- _WHAT TO WORK ON_:
Among the entries below, copy only the span from the line containing "BOW LIGHT LED COMBO BLK C5 2NM" through the line containing "Tiệm bánh nóng". Do so exactly, and skip the pictures.

- _THE RECORDS_:
——————————

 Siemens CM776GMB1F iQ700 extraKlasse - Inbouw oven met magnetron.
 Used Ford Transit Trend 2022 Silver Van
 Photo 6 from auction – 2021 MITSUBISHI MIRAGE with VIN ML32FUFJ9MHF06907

——————————

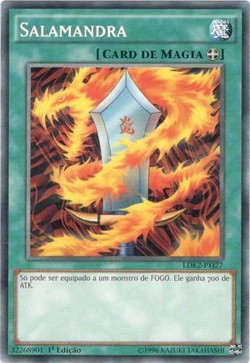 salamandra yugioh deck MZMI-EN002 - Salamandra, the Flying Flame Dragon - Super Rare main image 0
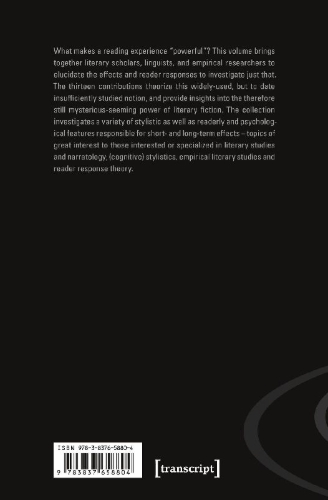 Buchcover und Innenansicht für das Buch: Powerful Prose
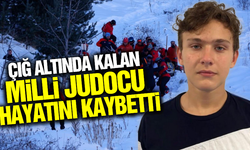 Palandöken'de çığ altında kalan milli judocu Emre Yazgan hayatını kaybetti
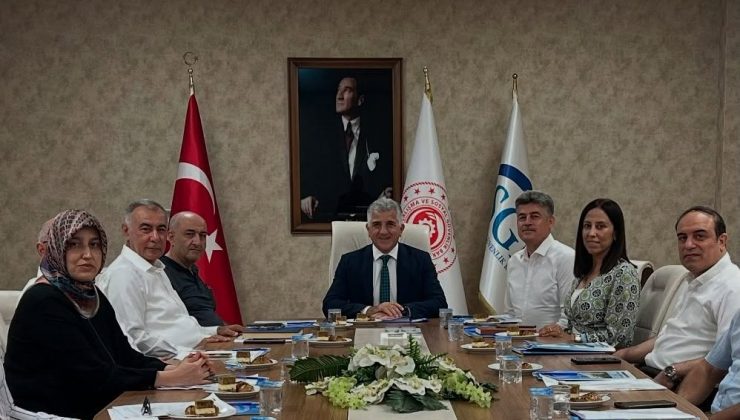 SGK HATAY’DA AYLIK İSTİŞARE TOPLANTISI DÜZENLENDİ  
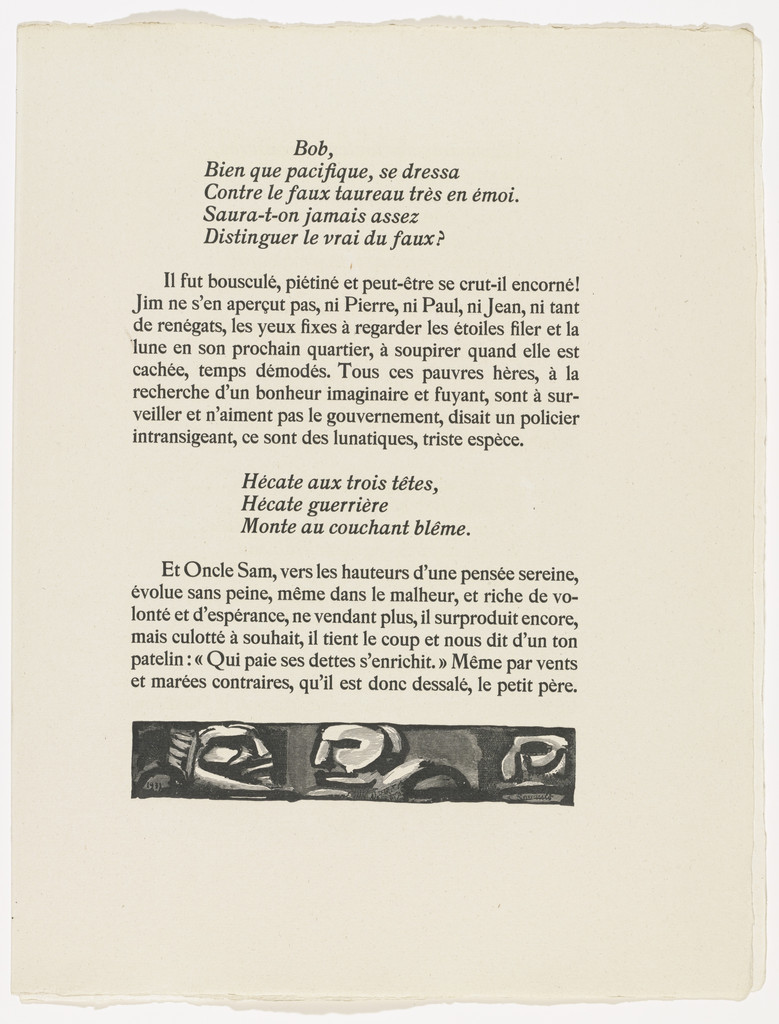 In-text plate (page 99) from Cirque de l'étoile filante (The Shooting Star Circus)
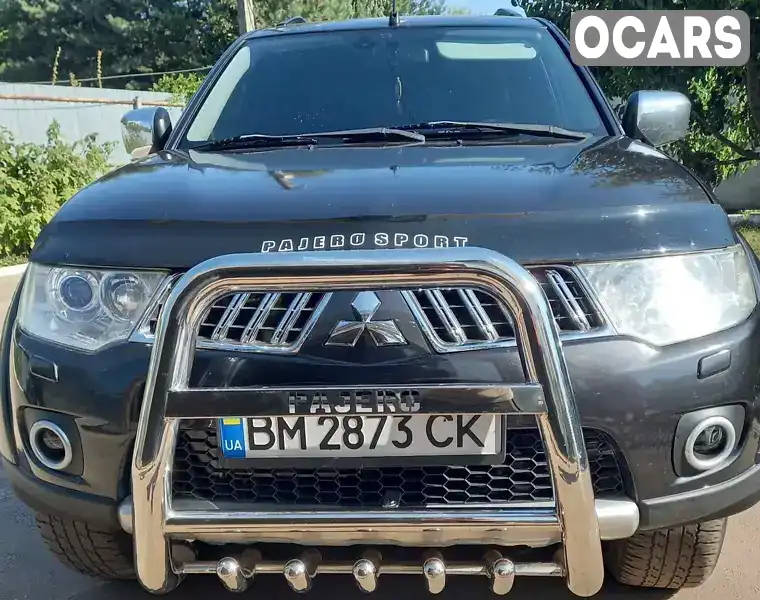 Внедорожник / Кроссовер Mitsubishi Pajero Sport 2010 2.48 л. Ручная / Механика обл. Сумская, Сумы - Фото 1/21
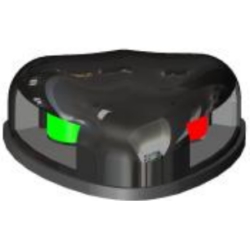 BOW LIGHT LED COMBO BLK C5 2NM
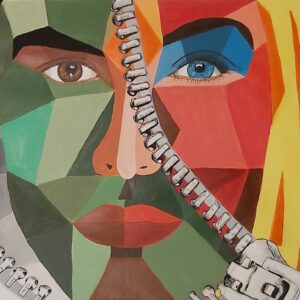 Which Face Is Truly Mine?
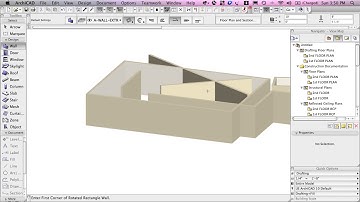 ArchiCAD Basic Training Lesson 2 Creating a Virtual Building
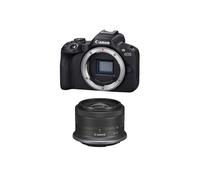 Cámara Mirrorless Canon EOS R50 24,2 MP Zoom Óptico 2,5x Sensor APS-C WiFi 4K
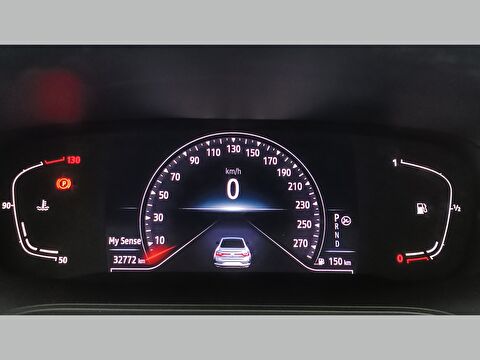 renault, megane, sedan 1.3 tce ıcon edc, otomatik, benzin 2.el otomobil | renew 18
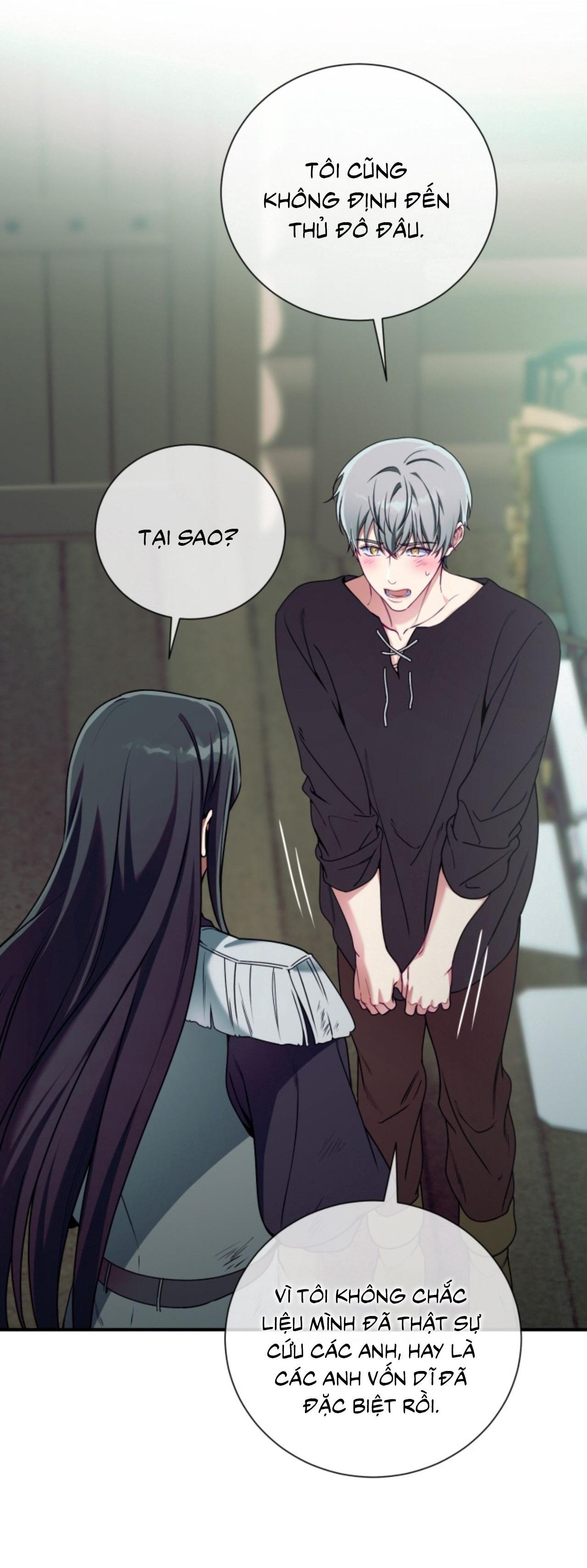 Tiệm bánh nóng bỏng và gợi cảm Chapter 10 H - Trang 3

——————————

- _TASK SOLUTION_:
 BOW LIGHT LED COMBO BLK C5 2NM
 Which Face Is Truly Mine?
 ArchiCAD Basic Training Lesson 2 Creating a Virtual Building
 Cámara Mirrorless Canon EOS R50 24,2 MP Zoom Óptico 2,5x Sensor APS-C WiFi 4K
 renault, megane, sedan 1.3 tce ıcon edc, otomatik, benzin 2.el otomobil | renew 18
 Tiệm bánh nóng bỏng và gợi cảm Chapter 10 H - Trang 3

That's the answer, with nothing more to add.